Requirement - From the line with "20th Century Glass" to the line with "Captivating Orange Starfish", output every line below exactly, both ends included. Skip the pictures.
(Given information)
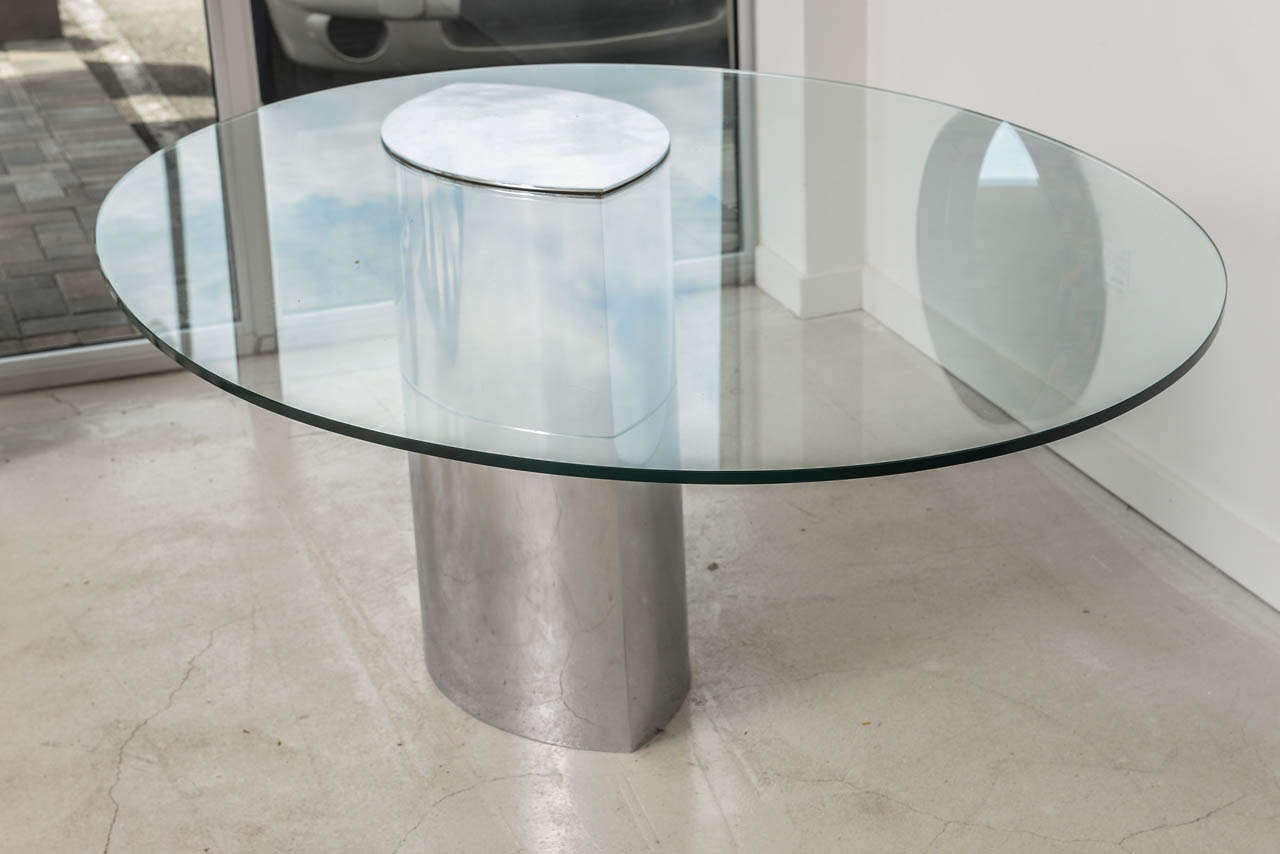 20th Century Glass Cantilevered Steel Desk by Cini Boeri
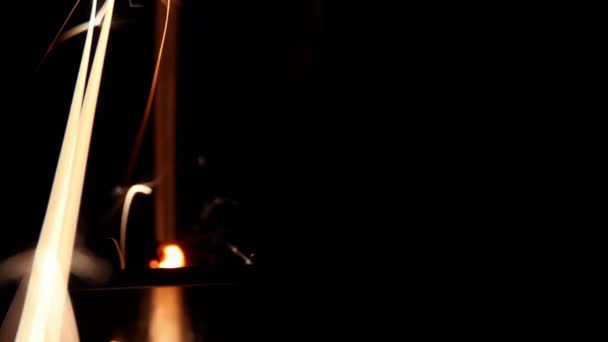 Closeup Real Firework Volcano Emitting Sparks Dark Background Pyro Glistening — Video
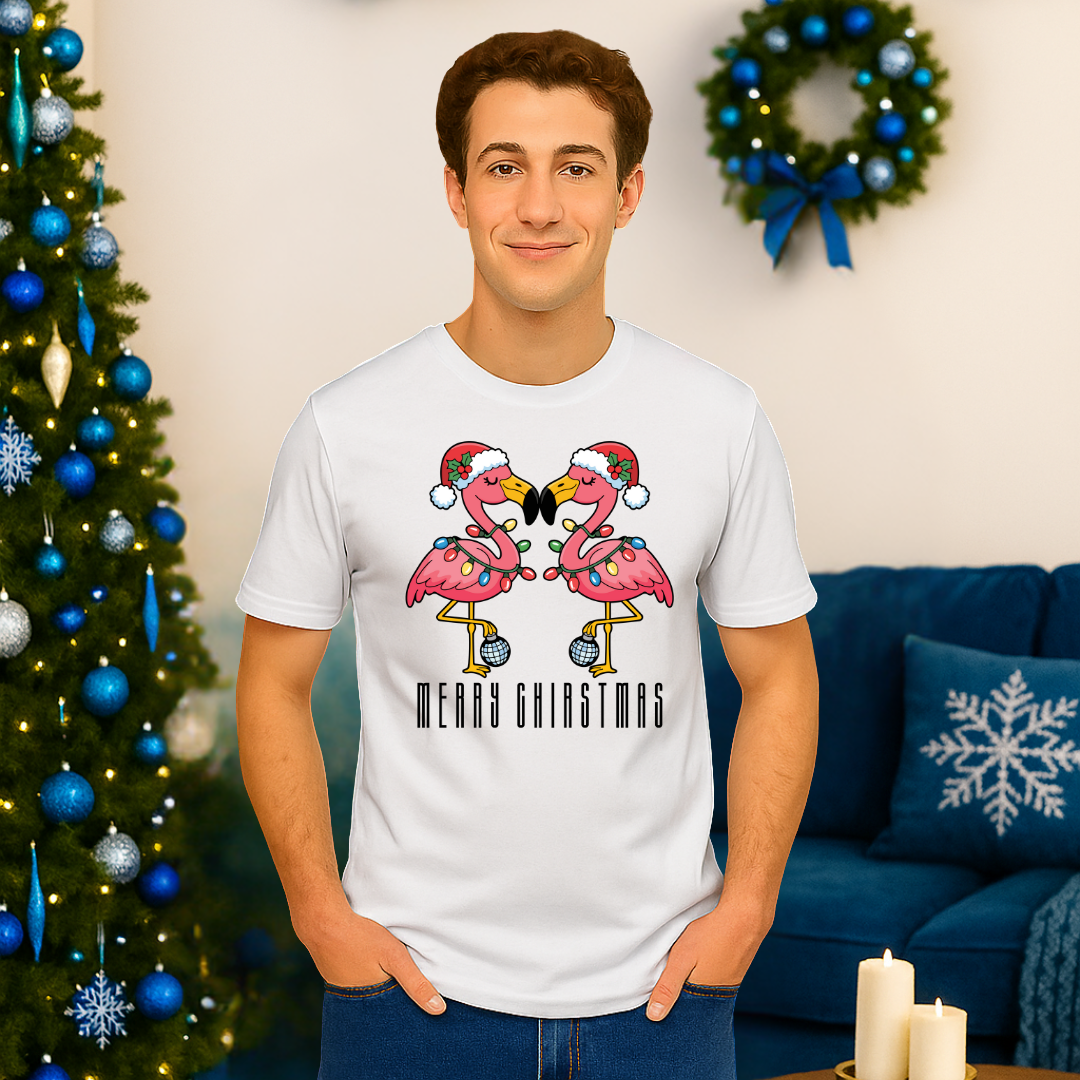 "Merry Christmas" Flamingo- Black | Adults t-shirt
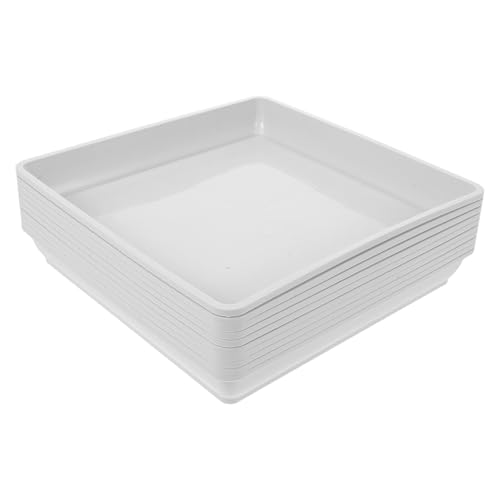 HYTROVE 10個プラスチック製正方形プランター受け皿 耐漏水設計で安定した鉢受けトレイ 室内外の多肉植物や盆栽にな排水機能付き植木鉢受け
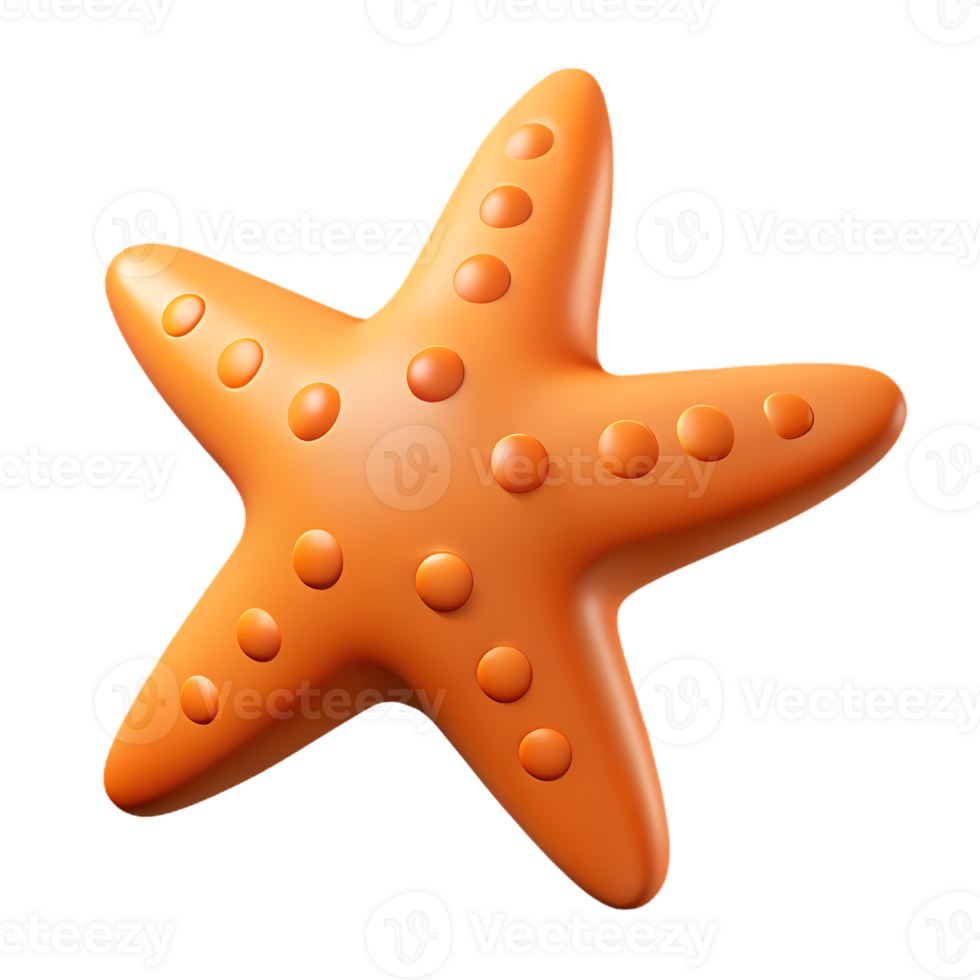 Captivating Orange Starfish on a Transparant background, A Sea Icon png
(End Given information)
(Given information)
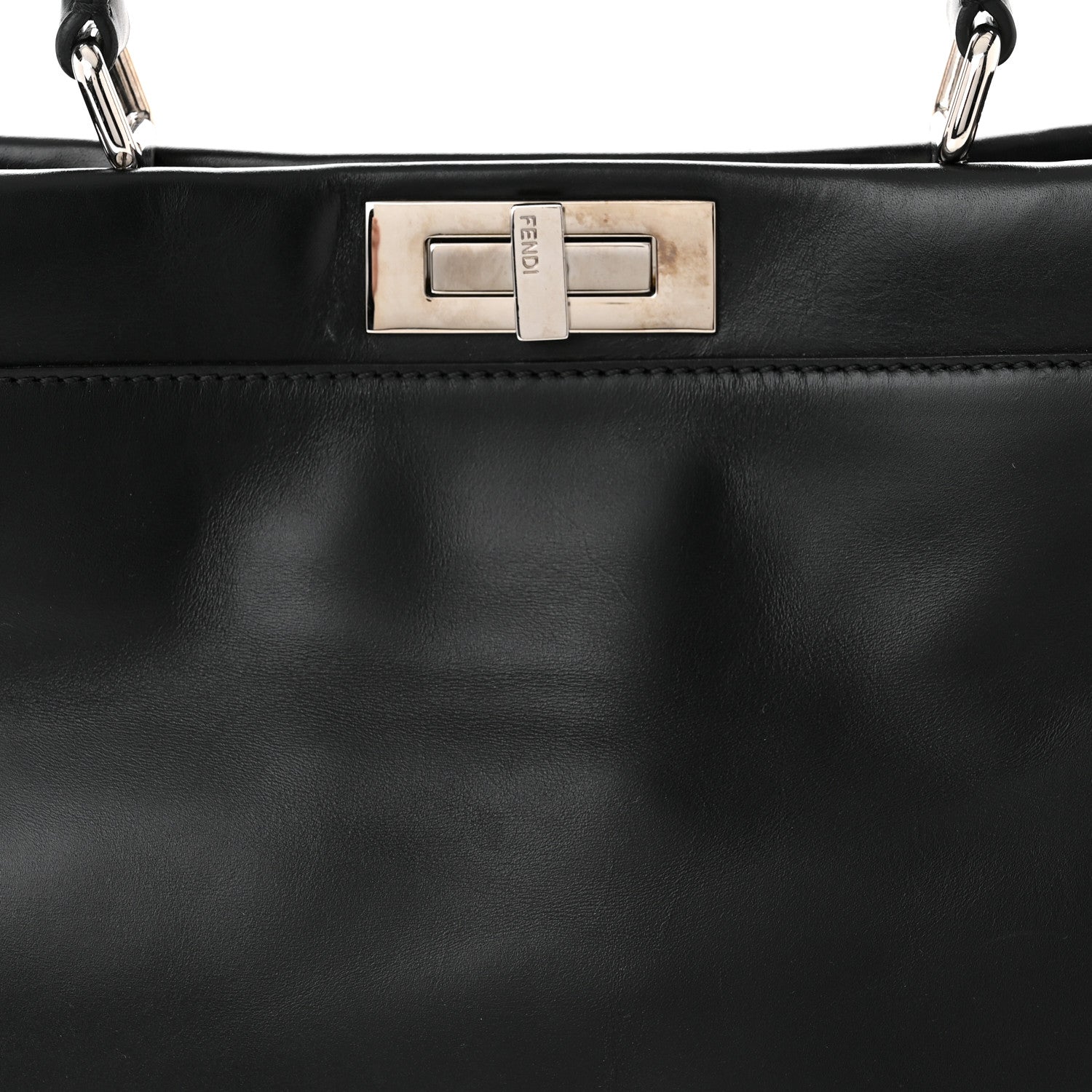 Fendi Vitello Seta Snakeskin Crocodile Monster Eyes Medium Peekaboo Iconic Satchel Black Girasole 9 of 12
(End Given information)
(Given information)
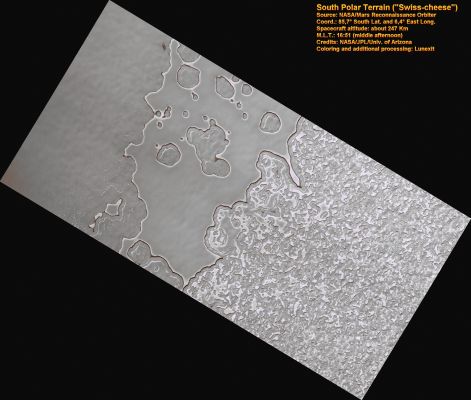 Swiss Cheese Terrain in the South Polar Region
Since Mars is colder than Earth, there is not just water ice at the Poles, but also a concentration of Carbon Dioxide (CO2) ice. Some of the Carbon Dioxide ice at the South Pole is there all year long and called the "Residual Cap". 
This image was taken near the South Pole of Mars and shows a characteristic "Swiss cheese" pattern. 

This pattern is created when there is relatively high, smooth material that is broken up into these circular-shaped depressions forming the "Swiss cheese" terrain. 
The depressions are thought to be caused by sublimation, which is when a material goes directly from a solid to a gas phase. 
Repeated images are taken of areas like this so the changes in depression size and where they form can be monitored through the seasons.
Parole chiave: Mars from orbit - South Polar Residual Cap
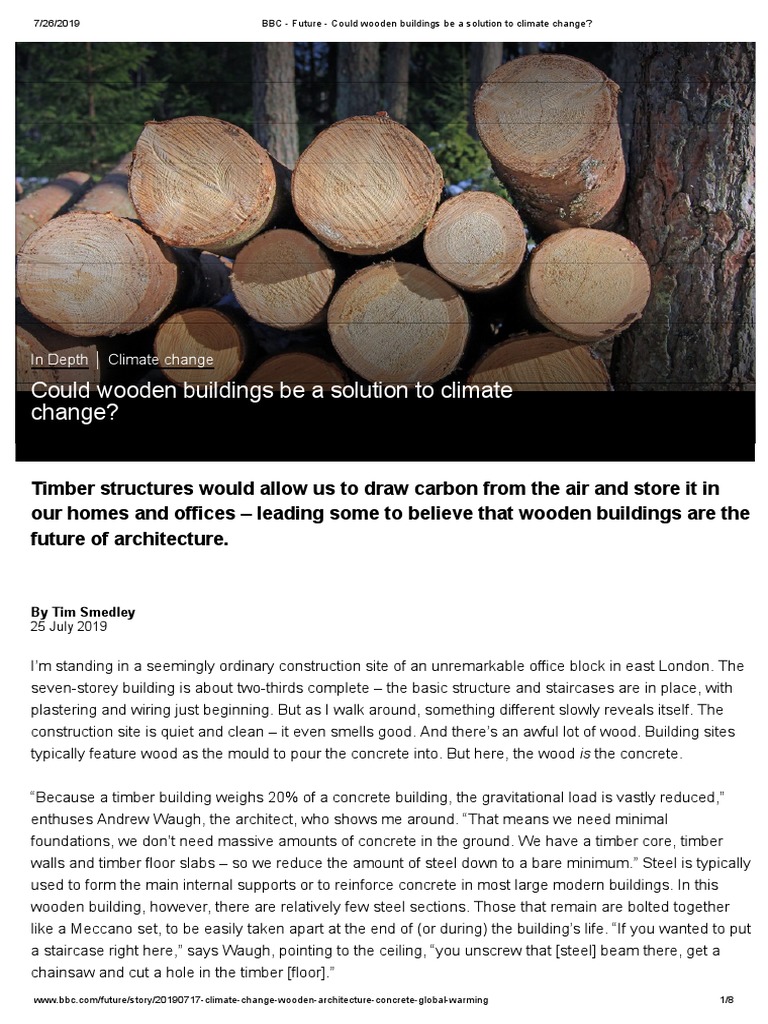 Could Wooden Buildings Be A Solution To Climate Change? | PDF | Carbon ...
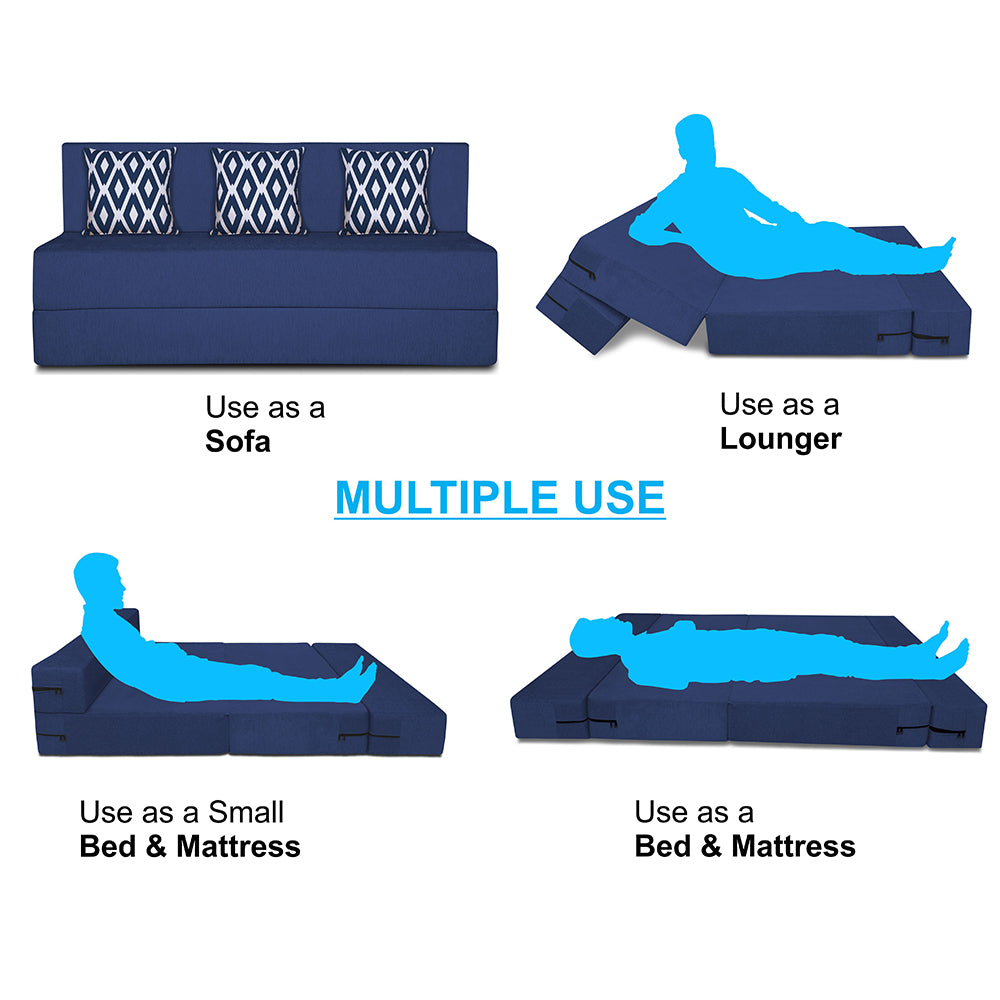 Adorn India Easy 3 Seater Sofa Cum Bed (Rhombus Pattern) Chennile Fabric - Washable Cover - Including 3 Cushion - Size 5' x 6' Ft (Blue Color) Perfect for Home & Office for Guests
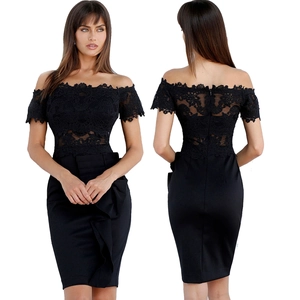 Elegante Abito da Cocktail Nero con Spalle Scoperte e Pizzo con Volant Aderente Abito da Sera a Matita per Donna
(End Given information)
Reply -
 20th Century Glass Cantilevered Steel Desk by Cini Boeri
 Closeup Real Firework Volcano Emitting Sparks Dark Background Pyro Glistening — Video
 "Merry Christmas" Flamingo- Black | Adults t-shirt
 HYTROVE 10個プラスチック製正方形プランター受け皿 耐漏水設計で安定した鉢受けトレイ 室内外の多肉植物や盆栽にな排水機能付き植木鉢受け
 Captivating Orange Starfish on a Transparant background, A Sea Icon png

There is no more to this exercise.